Building A Case for TA Investment

By Rebecca Grover

The focus on talent acquisition (TA) ‘maturity’ is prevalent, directly connecting the level of TA sophistication to organizational growth, revenue and productivity. Broader disruption in the talent & HR space makes time and spend investment a prioritisation challenge for organizations, and us as practitioners.

Every organization’s journey towards “TA utopia” is situationally unique – I have found agreeing on strategic design principles before formalising your plan of attack really helps pinpoint critical programs of work.

Over the next few weeks, I will release a series of recommended programs of work to help provoke thinking & create that required step change towards a higher level of TA sophistication – whatever the starting point!

​Trailer for what’s to come …

To Improve Functional Impact;
Recommendations will resonate if your current TA maturity model is deemed transactional. Suggested programs of work will create a step change towards a more focused and impactful level of functional maturity.

To Accelerate for Strategic Impact;
Recommendations will resonate if you require a noticeable shift in mindset and TA approach to meet accelerated business growth needs. Also relevant if your organization is entering new markets and needs to make a rapid competitive impact.
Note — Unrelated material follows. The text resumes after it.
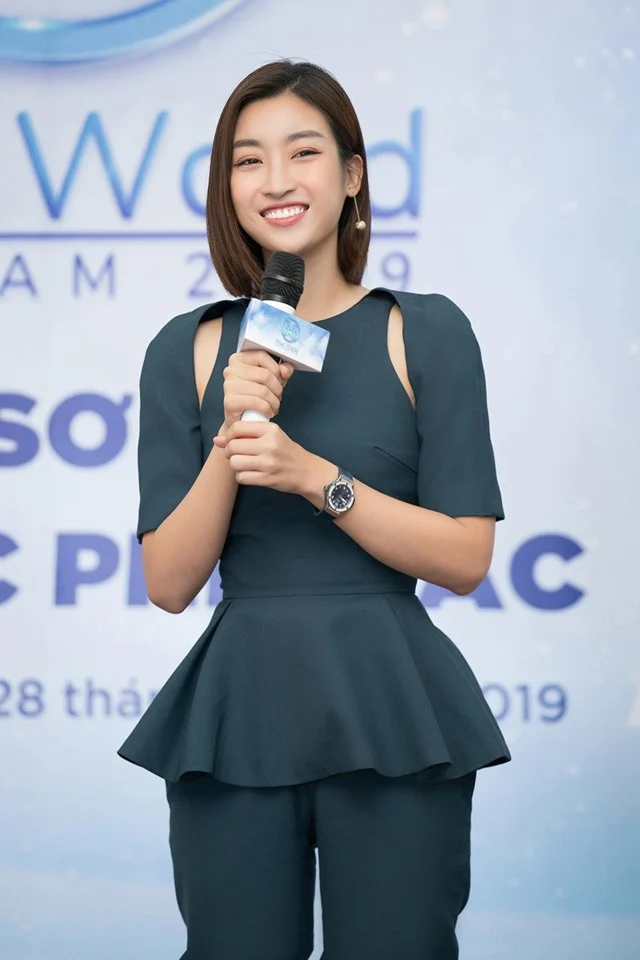 &#34;Hoa hậu nghèo nhất Việt Nam&#34; từng đeo đồng hồ vài trăm triệu nay có bộ sưu tập gần 10 tỷ, đeo món gần 7 tỷ đi bên chồng - 13
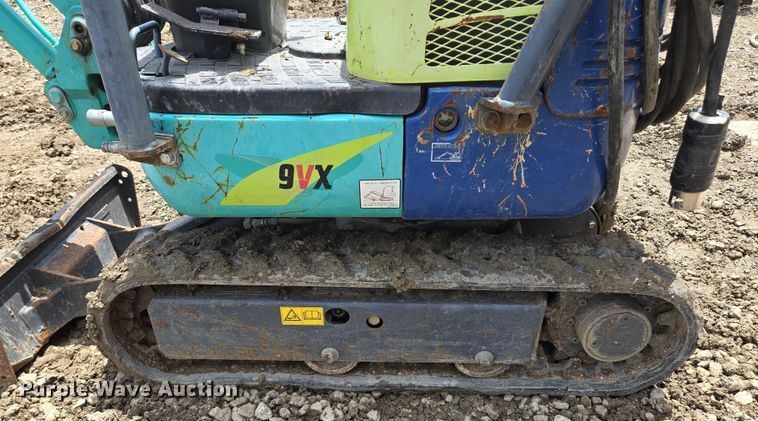 image for item EM7436 IHI 9VX mini excavator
To Modernize for Commercial Impact;
Recommendations will resonate if you already have a performing TA function and now need to demonstrate bottom and top line commercial impact. Further integration into your organization and thinking laterally will ensure your TA function delivers competitive advantage at every touch point of the talent supply chain.

The question then turns to RoI – how do you get that much-needed investment to drive required programs of work?

Firstly, I focus on the cost of not doing anything! My 7 ‘go to’ commercial pitfalls for consideration …

  1. Current ‘recruitment’ spend – typically increases as a result of ‘just in time’ / reactive hiring and is fuelled by high attrition.
  2. The cost of a bad hire – employees never reaching their potential + rehire costs typically stems from; limited clarity on what success looks like and/or substandard evaluation of success potential during the hiring process.
  3. Productivity cost – weak or non-existent on-boarding and development practices impact workforce productivity and/or extends time to productivity for new employees.
  4. Business revenue cost – staffing gaps due to extended time to hire and slow time to develop (over and underinvestment).
  5. Opportunity cost – minimal workforce mobility and development so preference is to ‘buy’ versus ‘build’.
  6. Resource cost – ineffective and inconsistent processes & service delivery, some activity not even adding value to hire experiences & outcomes.
  7. Brand cost – poor candidate and employee experiences negatively impacting employer and corporate brand.

Talent acquisition food for thought!